Operators, limitations, truncation

  • There are several mathematical operators we can use, too:
    • + for addition
    • - for subtraction
    • * for multiplication
    • / for division
    • % for remainder
  • We’ll make a new program, addition.c:
    #include <cs50.h>
    #include <stdio.h>
    
    int main(void)
    {
        int x = get_int("x: ");
    
        int y = get_int("y: ");
    
        printf("%i\n", x + y);
    }
    
    • We’ll include header files for libraries we know we want to use, and then we’ll call get_int to get integers from the user, storing them in variables named x and y.
    • Then, in printf, we’ll print a placeholder for an integer, %i, followed by a new line. Since we want to print out the sum of x and y, we’ll pass in x + y for printf to substitute in the string.
    • We’ll save, run make addition in the terminal, and then ./addition to see our program working. If we type in something that’s not an integer, we’ll see get_int asking us for an integer again. If we type in a really big number, like 4000000000, get_int will prompt us again too. This is because, like on many computer systems, an int in CS50 IDE is 32 bits, which can only contain about four billion different values. And since integers can be positive or negative, the highest positive value for an int can only be about two billion, with a lowest negative value of about negative two billion, for a total of about four billion total values.
  • We can change our program to use the long type:
    #include <cs50.h>
    #include <stdio.h>
    
    int main(void)
    {
        long x = get_long("x: ");
    
        long y = get_long("y: ");
    
        printf("%li\n", x + y);
    }
    
    • Now we can type in bigger integers, and see a correct result as expected.
  • Whenever we get an error while compiling, it’s a good idea to scroll up to the top to see the first error and fix that first, since sometimes a mistake early in the program will lead to the rest of the program being interpreted with errors as well.
  • Let’s look at another example, truncation.c:
    #include <cs50.h>
    #include <stdio.h>
    
    int main(void)
    {
        // Get numbers from user
        int x = get_int("x: ");
        int y = get_int("y: ");
    
        // Divide x by y
        float z = x / y;
        printf("%f\n", z);
    }
    
    • We’ll store the result of x divided by y in z, a floating-point value, or real number, and print it out as a float too.
    • But when we compile and run our program, we see z printed out as whole numbers like 0.000000 or 1.000000. It turns out that, in our code, x / y is divided as two integers first, so the result given back by the division operation is an integer as well. The result is truncated, with the value after the decimal point lost. Even though z is a float, the value we’re storing in it is already an integer.
    • To fix this, we cast, or convert, our integers to floats before we divide them:
      float z = (float) x / (float) y;
      
    • The result will be a float as we expect, and in fact we can cast only one of x or y and get a float as well.

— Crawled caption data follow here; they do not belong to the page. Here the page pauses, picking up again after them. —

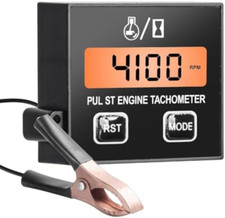 Contagiri digitale, contagiri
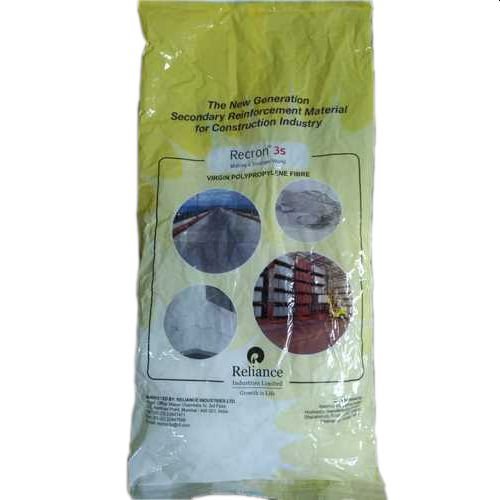RELIANCE Recron 3s Construction Fibre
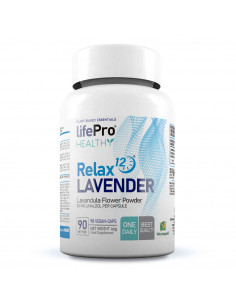 LIFE PRO RELAX LAVENDER 90...
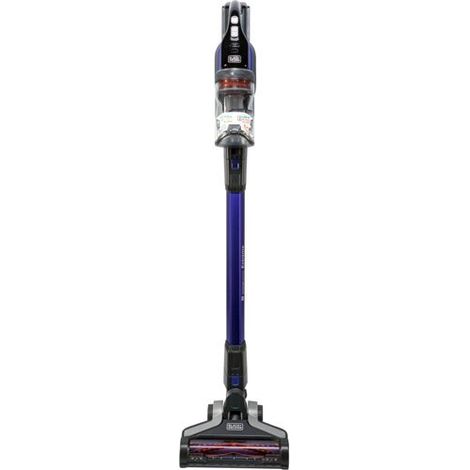 Black + Decker BDPSE1815P Akku-Stielsauger Pet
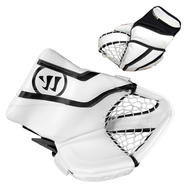 WARRIOR Ritual G2 Catcher Liner- Int 75°
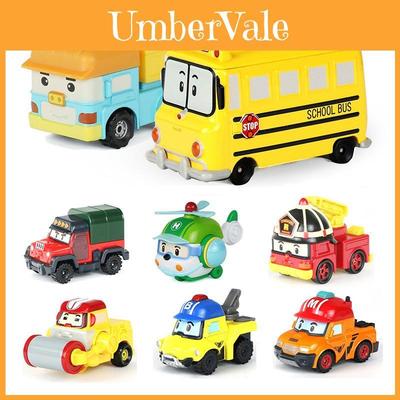 Juguetes y juegos – Coches de juguete, trenes y transporte
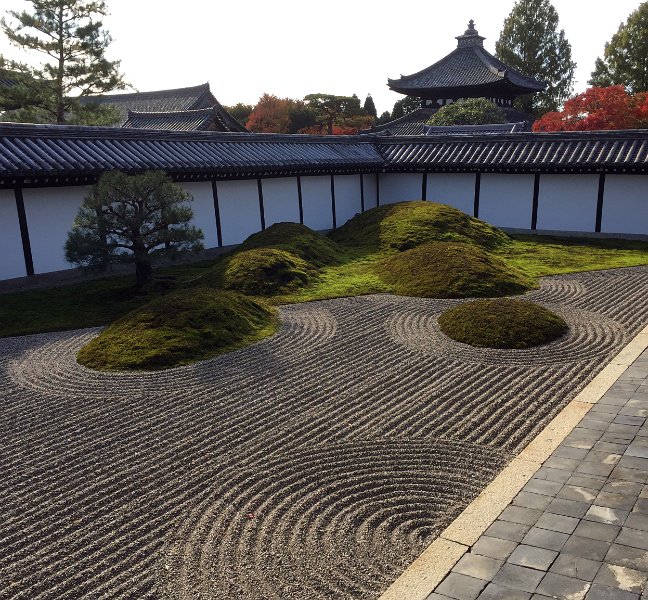 Zen Garden 3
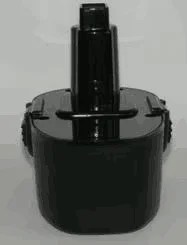 Batteria per elettroutensili 18VA 3000mAh per Black & Decker A9268,A9277,A9282,PS145,KC1882F,KC1882FK,CD1800K,CD180GRK,FS18,FSL18,HP932K-2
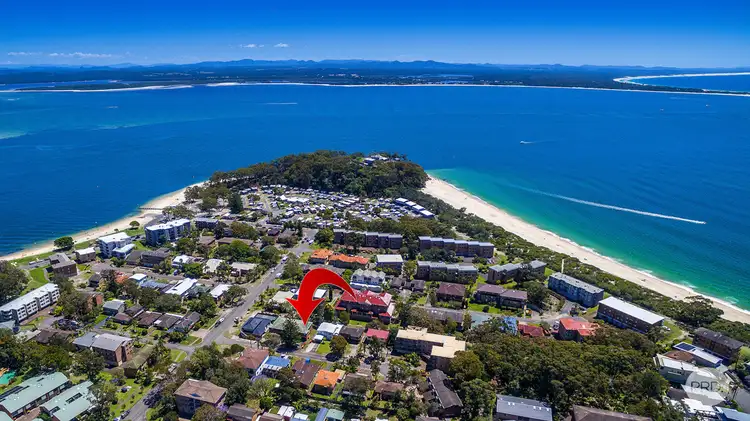 4/3 Catalina Close, Nelson Bay NSW 2315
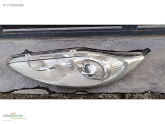 FORD FİESTA ÇIKMA ORJİNAL SOL FAR MERCEKLİ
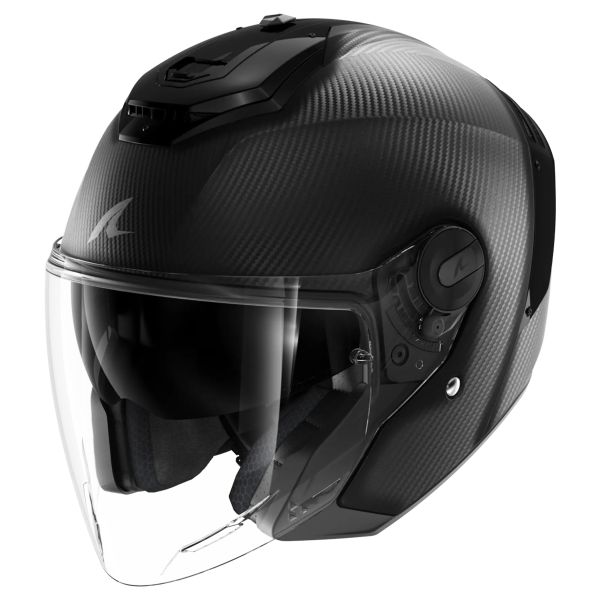 Jet Shark RS JET Tappetino completo in carbonio DMA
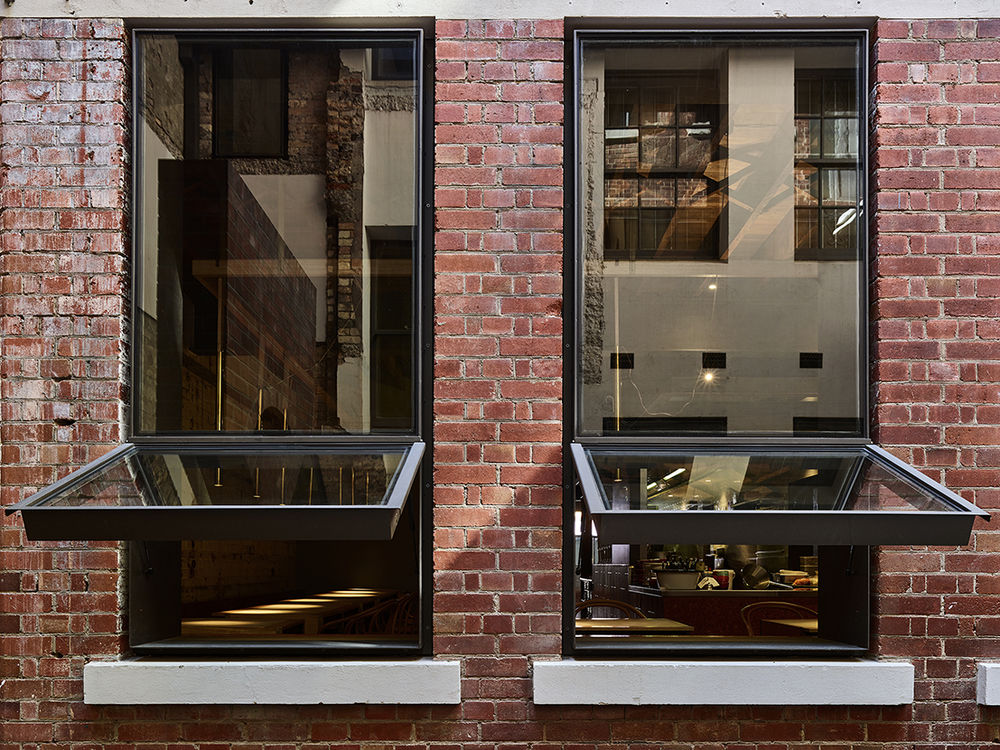 Burnett Lane   Survey Co Richards＆Spence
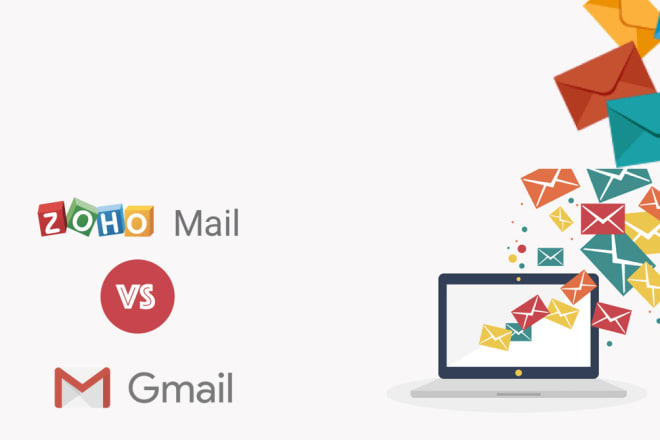 I will to setup zoho mail,an email with your domain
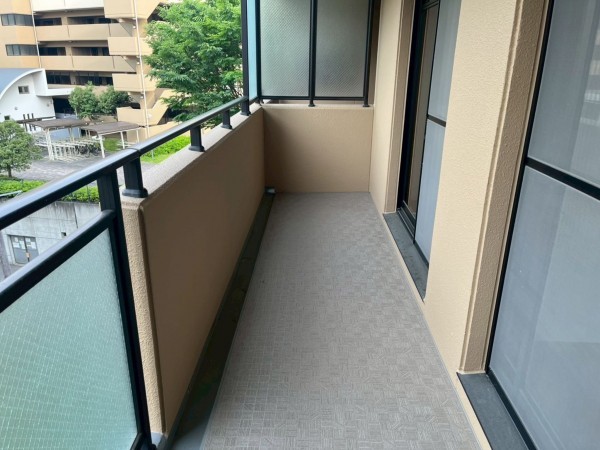 和泉市室堂町、マンションの画像です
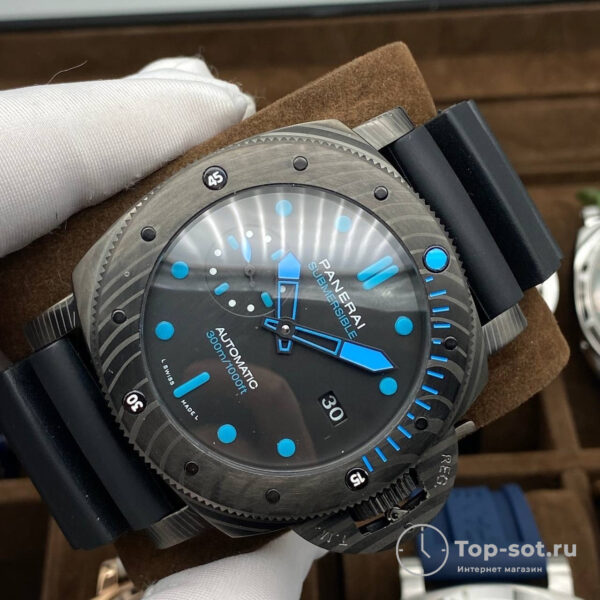 Часы PANERAI SUBMERSIBLE — изображение 2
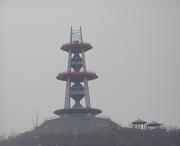 井陉天气预报10天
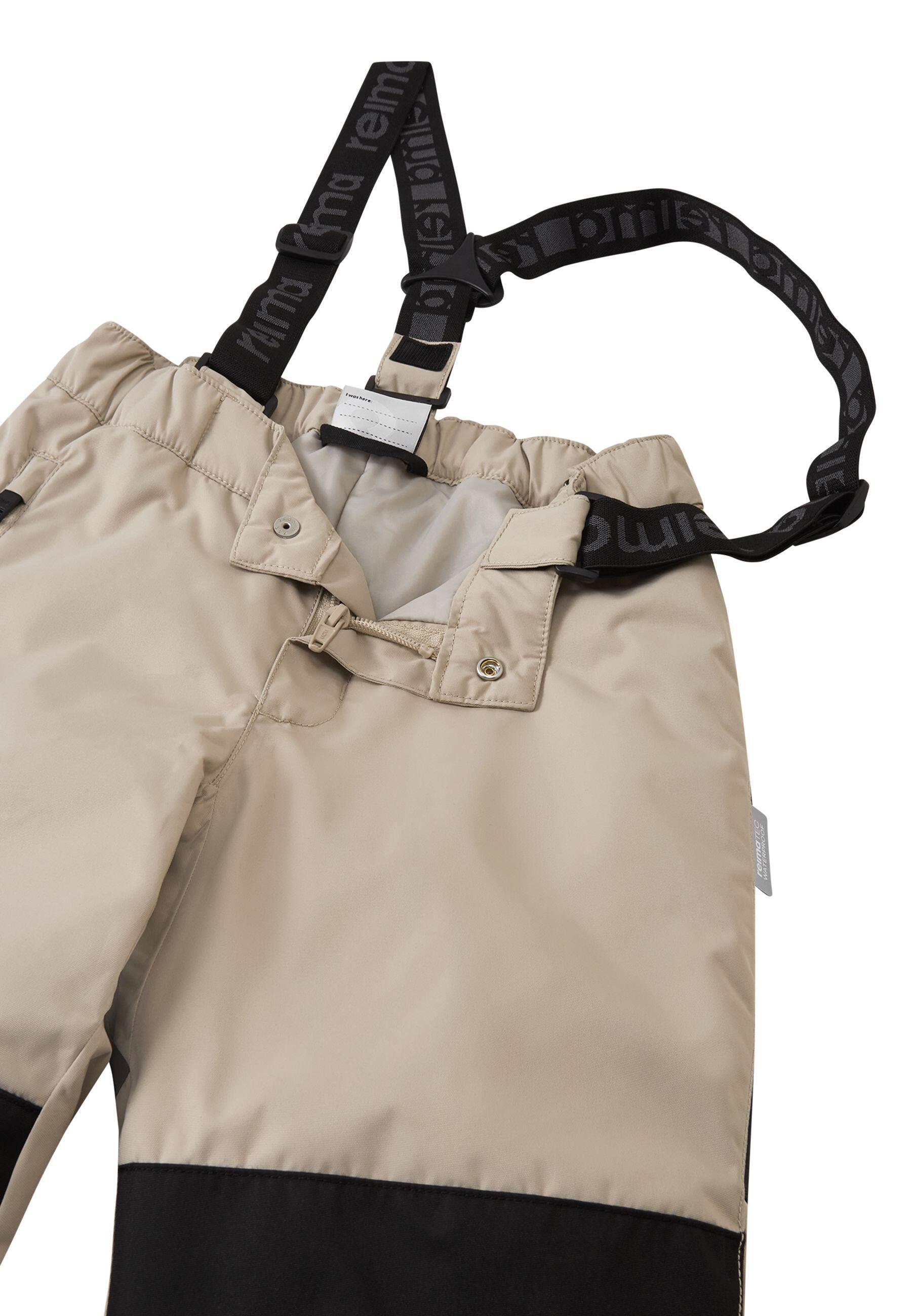 Pantalon d'hiver ReimaTec Liikun - mit BIONIC-FINISH®ECO Beschichtung 3/5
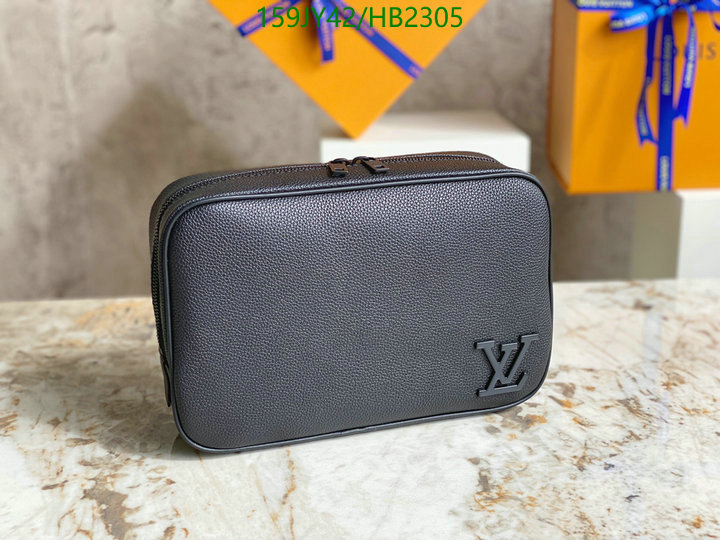 LV Bags-(Mirror)-Trio-,Code: HB2305,$: 159USD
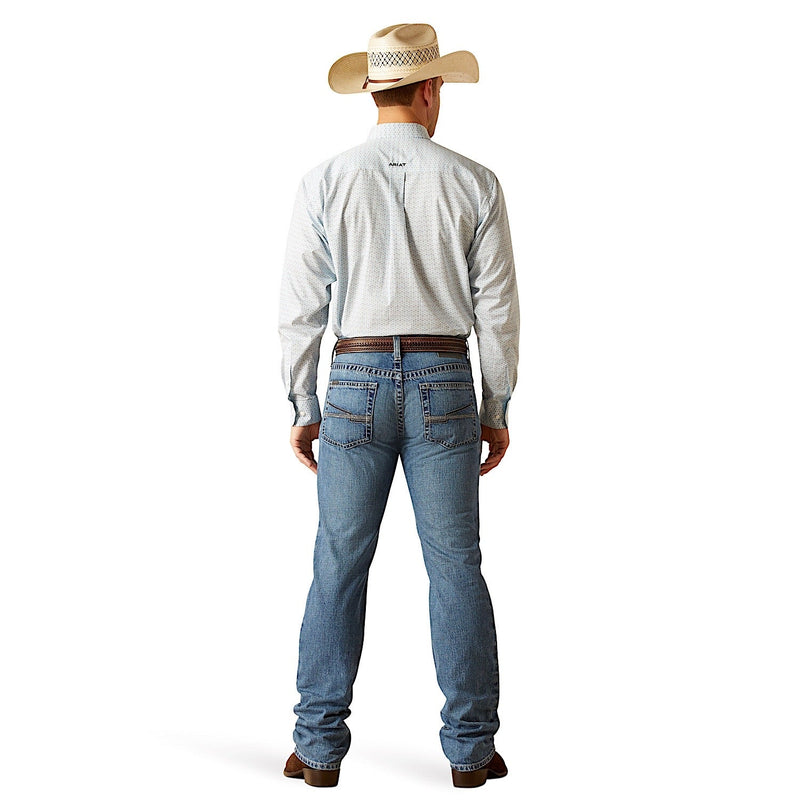 Ariat Men’s Relaxed M4 Decker Boot Cut Jean - Kentwood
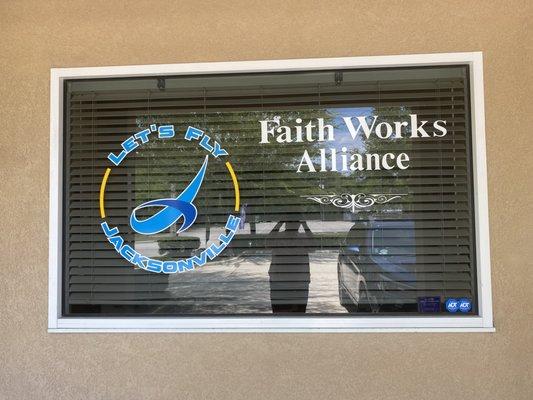 Let's Fly Jacksonville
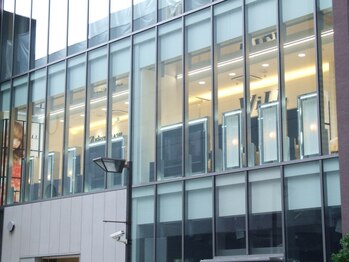 ビューティーラッシュ あべの店(BEAUTY LASH)/外観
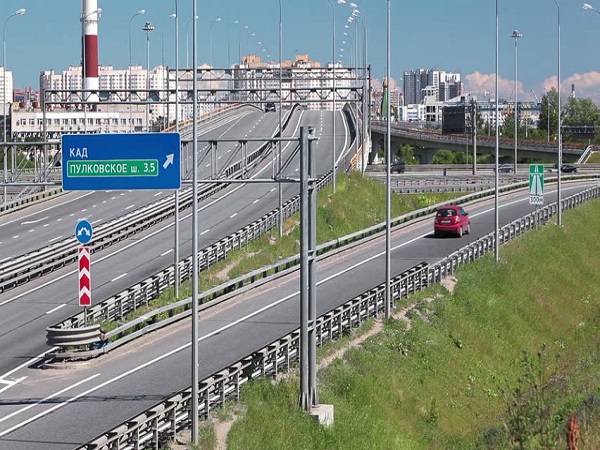 அழகின் உருவான டிரான்ஸ் -சைபீரியன் ஹைவே பற்றி தெரியாத தகவல்கள்..!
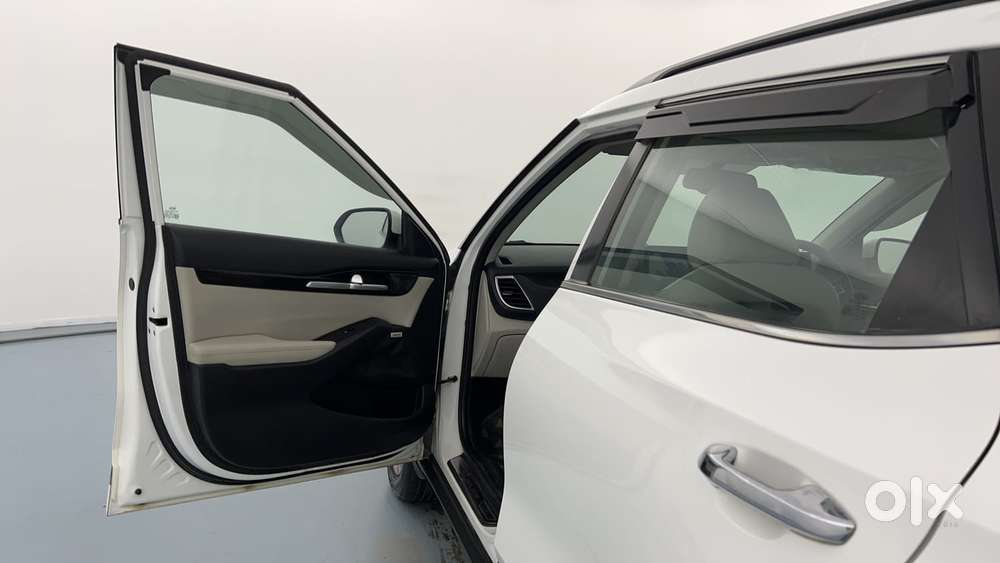 Kia Seltos Htx Plus D, 2019, Diesel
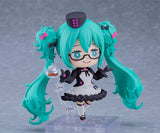 Character Vocal Series 01: Hatsune Miku Glasses x Café Ver. Nendoroid No.3057<br>[Pre-Order 14/06/26]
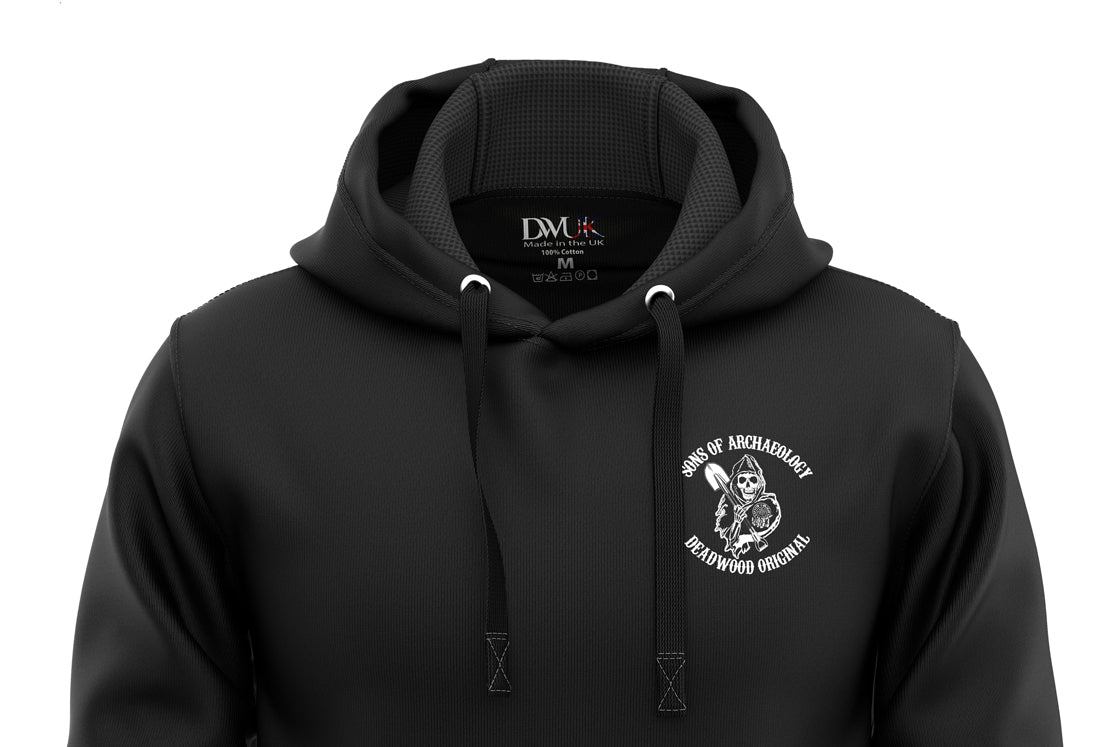 Sons of Archaeology Hoodie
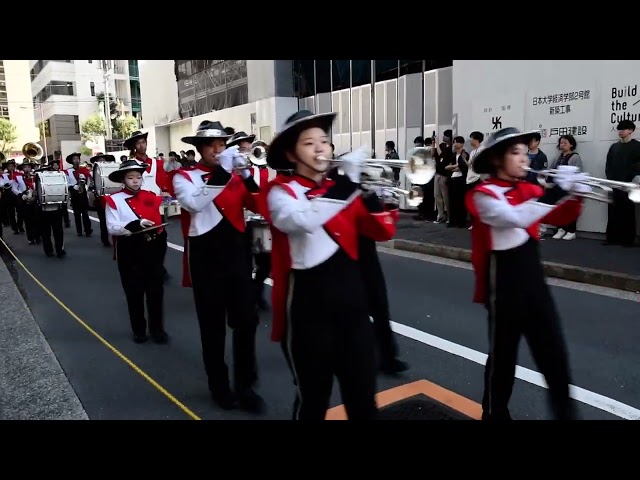 三崎祭|日本大学(経済学部)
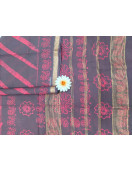 MADURAI SUNGUDI COTTON SAREES 550 MTS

Variables, syntactic sugar

  • In Scratch, we had blocks like “set [counter] to (0)” that set a variable to some value. In C, we would write int counter = 0; for the same effect.
  • We can increase the value of a variable with counter = counter + 1;, where we look at the right side first, taking the original value of counter, adding 1, and then storing it into the left side (back into counter in this case).
  • C also supports syntactic sugar, or shorthand expressions for the same functionality. In this case, we could equivalently say counter += 1; to add one to counter before storing it again. We could also just write counter++;, and we can learn this (and other examples) through looking at documentation or other references online.

Conditions

  • We can translate conditions, or “if” blocks, with:
    if (x < y)
    {
        printf("x is less than y\n");
    }
    
    • Notice that in C, we use { and } (as well as indentation) to indicate how lines of code should be nested.
  • We can have “if” and “else” conditions:
    if (x < y)
    {
        printf("x is less than y\n");
    }
    else
    {
        printf("x is not less than y\n");
    }
    
  • And even “else if”:
    if (x < y)
    {
        printf("x is less than y\n");
    }
    else if (x > y)
    {
        printf("x is greater than y\n");
    }
    else if (x == y)
    {
        printf("x is equal to y\n");
    }
    
    • Notice that, to compare two values in C, we use ==, two equals signs.
    • And, logically, we don’t need the if (x == y) in the final condition, since that’s the only case remaining, so we can just say else:
      if (x < y)
      {
          printf("x is less than y\n");
      }
      else if (x > y)
      {
          printf("x is greater than y\n");
      }
      else
      {
          printf("x is equal to y\n");
      }
      
  • Let’s take a look at another example, conditions.c:
    #include <cs50.h>
    #include <stdio.h>
    
    int main(void)
    {
        // Prompt user for x
        int x = get_int("x: ");
    
        // Prompt user for y
        int y = get_int("y: ");
    
        // Compare x and y
        if (x < y)
        {
            printf("x is less than y\n");
        }
        else if (x > y)
        {
            printf("x is greater than y\n");
        }
        else
        {
            printf("x is equal to y\n");
        }
    }
    
    • We’ve included the conditions we just saw, along with two calls, or uses, of get_int to get x and y from the user.
    • We’ll compile and run our program to see that it indeed works as intended.
  • In agree.c, we can ask the user to confirm or deny something:
    #include <cs50.h>
    #include <stdio.h>
    
    int main(void)
    {
        char c = get_char("Do you agree? ");
    
        // Check whether agreed
        if (c == 'Y' || c == 'y')
        {
            printf("Agreed.\n");
        }
        else if (c == 'N' || c == 'n')
        {
            printf("Not agreed.\n");
        }
    }
    
    • With get_char, we can get a single character, and since we only have a single one in our program, it seems reasonable to call it c.
    • We use two vertical bars, ||, to indicate a logical “or”, whether either expression can be true for the condition to be followed. (Two ampersands, &&, indicate a logical “and”, where both conditions would have to be true.) And notice that we use two equals signs, ==, to compare two values, as well as single quotes, ', to surround our values of single characters.
    • If neither of the expressions are true, nothing will happen since our program doesn’t have a loop.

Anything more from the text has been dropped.